Use catchy images, call to actions and animated gifs that attract attention. Don’t use too many font types, font colors, and font sizes. Let the line spacing be enough. This gives good readability. Depending on the context of your emails its great to use bold colors.

Don’t forget to make your email template responsive, so that it looks good across all devices.

All in all, designing an attractive email includes minute details and an eye for creativity. It also depends on the type of content and the message you are conveying.

Curious to know how your email campaign performed? Track these few things :

Click through rate:

Click through rate is the percentage of recipients who clicked on the links in your email. The total number of clicks divided by the number of emails sent, multiplied by 100. This gives you an understanding of how your email campaign performed.

Conversion rate:

This reflect that percentage of people who opened your email, read it and responded as per the desired action. You can calculate it as follows:

The number of recipients who completed the required action/ total number of emails delivered multiplied by 100.

Bounce rate:

When we see “your email has bounced”, it means that your email never actually got to your intended recipient.

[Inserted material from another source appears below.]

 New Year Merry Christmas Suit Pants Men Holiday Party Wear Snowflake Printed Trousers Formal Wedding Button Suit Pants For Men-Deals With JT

Divide the total number of bounced emails by the number of emails sent, and multiply it with hundred. This is your bounce rate.

There are various ways in which you can manage bounces so that your email gets the desired response.

If the email subject line is irrelevant to the customers, they will ignore it a couple of times. But, if this keeps repeating they get bugged and unsubscribe from your emails.

So, send relevant emails that benefit the customer. Don’t send emails that focus only on sales, offers, and discounts frequently. Send information about your company and offerings so as to connect with the customers. You can also inform them about the recent trends in your industry.

The basic role of an email is to first connect with the customers, leverage this tool to the maximum.